When their 4-year-old was invited to a birthday party, Brandi cruised the aisles at the discount store. But Theresa was desperate to have the $18 Princess Tea Set for her “best friend ever”. In the car on the way home, the little girl refused to look at the $4.88 plastic doll that Brandi had bought over Theresa’s protest. After a long silence, she asked her mother quietly, “Why can’t we ever do anything nice?” Brandi later told me: “That’s when I lost it. I was bone tired. Tired of always coming up short. Theresa is such a good kid, and she just wanted a stupid birthday present for her best friend and I didn’t have the money. I started to cry and I couldn’t stop. It was so bad I had to pull off the road…I’m not a crier. I’m really not. But she’s just a little girl.”
Brandi and Brett came to my office laden with files and bills, ready for a marathon session of let’s-figure-out-the-money. After we went over some of the numbers, I leaned back and told them they were spending too little on the extras. They were stunned. I explained that their real problem had nothing to do with birthday presents or haircuts; their real problem was that they were spending way too much on their basic monthly bills.
You find this very quickly with many families. In the story above, the family spent too much on housing relative to their earnings, and had also purchased a new car that was too much of their monthly budget. The new car was almost $18/day (a Princess Tea Set every day!). The problem isn’t that they are extravagant on the little things, it’s that their fixed expenses are too high. When trouble hits, as it always does, it’s very difficult to cycle out of fixed expenses.
To use a blunt example, if you are someone in the business of wanting a government so small you can drown it in a bathtub, that t-shirt, or that Princess Tea Set, is the equivalent of an initiative to drop $50m from the Federal budget. Sounds nice, but does it really make a difference? Or are there some fixed (or this case, committed to) costs that can’t easily be turned down?
This is in part a problem of financial education, and I’m not sure how to make the momentum take hold other than just to blog about it. Our thinking is dominated by thinking about marginal effects – cut out that cup of expensive coffee and you’ll be fine! – and a certain type of morality mapped onto the household budget. But thinking of the household as a firm that has liquidity constraints and fixed expenses helps explain why many families suffer better than the current ways we discuss it.
Because if all you are looking at is consumption, those fixed costs that can’t be turned down easily are consumption of course. And if all you look at is consumption, when you see someone whose arms are flailing while they bop up and down in a sea of debt, you can’t even form the question of whether they are drowning or waving at all the suckers on the beach not consumption-smoothing.
But does it have any implications for inequality as being discussed right now, or policy more generally? A big fixed cost are cars. That definitely has status competition associated with it, and I imagine spending on cars is probably the one place where I’d see a Robert Frank style status competition really making a difference for families. A bigger issue is that many families with two working parents need two cars, which is in part decisions made collectively on how to fund public transit and how the suburbs came about. Health care and other insurances are also a big budget item that have gotten more expensive.

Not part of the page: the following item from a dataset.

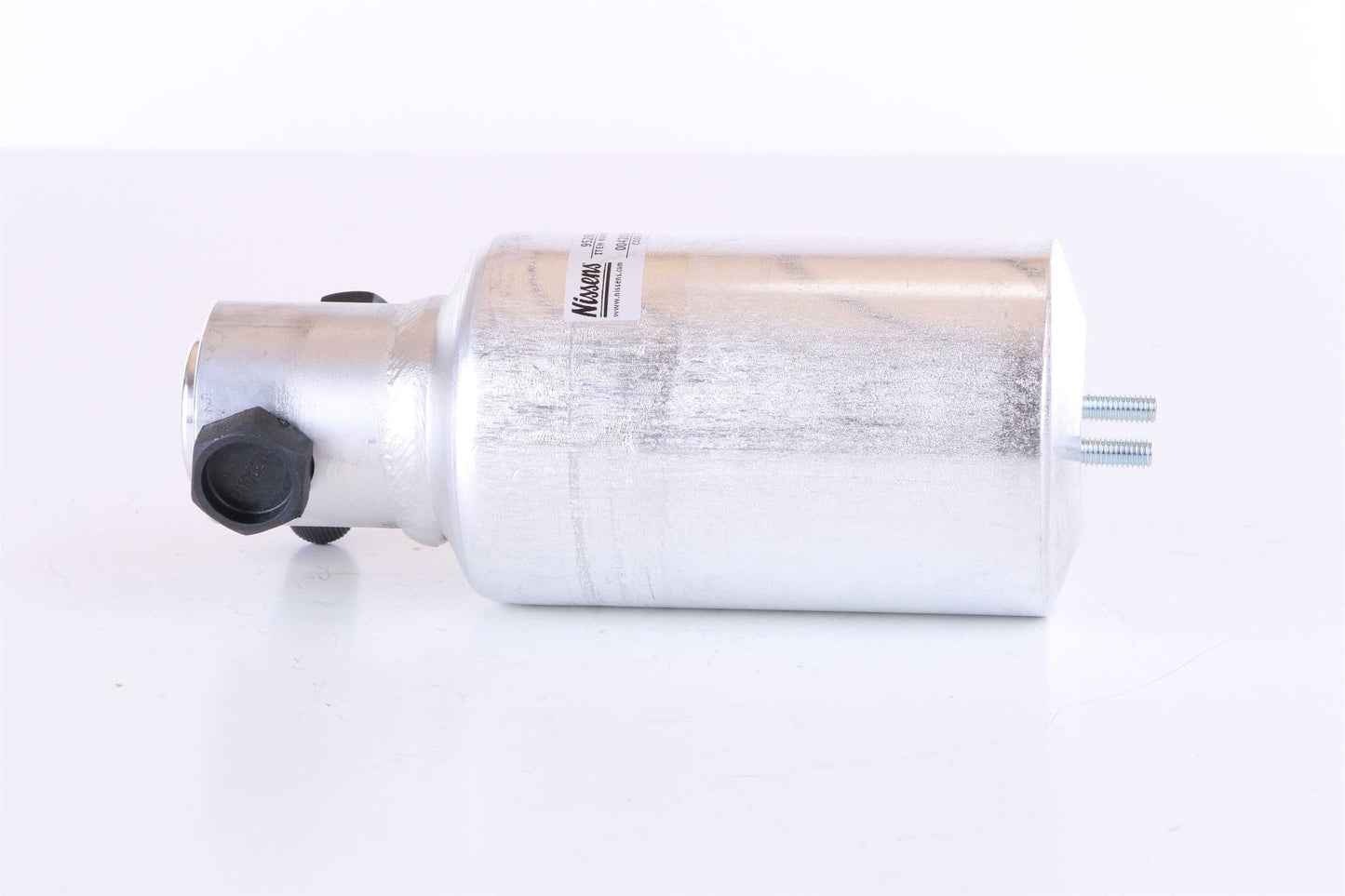 Nissens A/C Receiver Drier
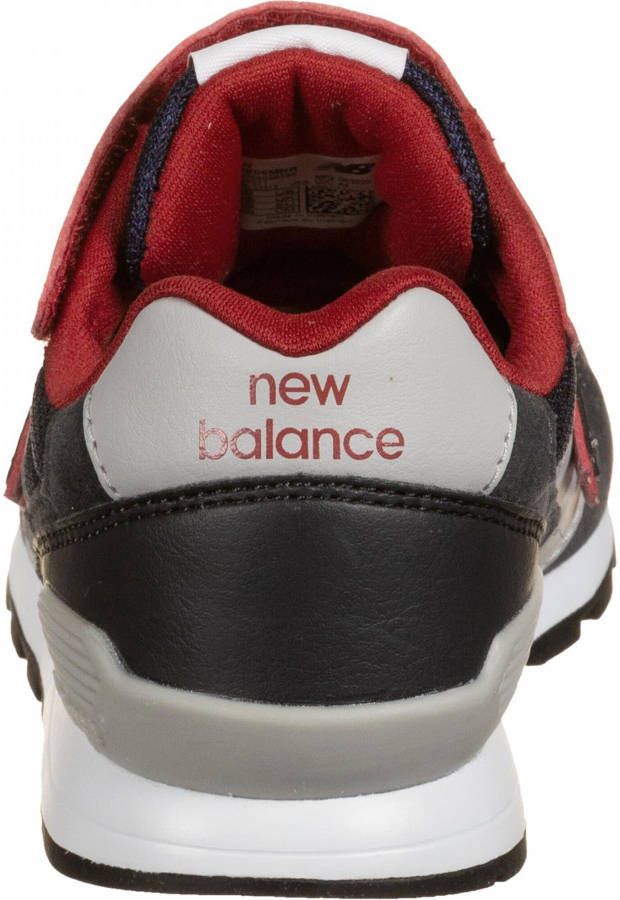 New Balance Sneakers '996'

But I think the biggest issue where inequality itself can drive fixed expenses is housing. From Real Wage Inequality by Enrico Moretti:
Abstract. A large literature has documented a signiﬁcant increase in the diﬀerence between the wage of college graduates and high school graduates over the past 30 years. I show that from 1980 to 2000, college graduates have experienced relatively larger increases in cost of living, because they have increasingly concentrated in metropolitan areas that are characterized by a high cost of housing. When I deﬂate nominal wages using a new CPI that allows for changes in the cost of housing to vary across metropolitan areas, I ﬁnd that the diﬀerence between the wage of college graduates and high school graduates is lower in real terms than in nominal terms and has grown less. At least 22% of the documented increase in college premium is accounted for by diﬀerences in the cost of living.
So a fair amount of the increase in income inequality at the top end of the distribution gets dumped into housing. It gets dumped into housing because the places people need to live in order to deploy the human capital they’ve accumulated are expensive. Moretti’s paper takes the expensiveness of high human-capital places as exogenous, and a new young person shows up to the model and has to decide whether or not to move to an expensive city.
Moretti goes on to imply that people get no utility from this; it’s like a toll booth on the road to being upper-middle-class. That’s fine, but housing isn’t elastic at all; and the more hot money gets dumped by the elite into the market the worse the competition for housing resources must be for everyone else. My question would be how much does that have a feedback mechanism within inequality? It’s a tough question to answer, and I hope Moretti or others take it up. But the idea that a large chunk of the income increases of the top 10% of the distribution gets dumped straight into housing would have some effect on the other 90% of people living there and elsewhere strikes me as common sense enough from the conclusion.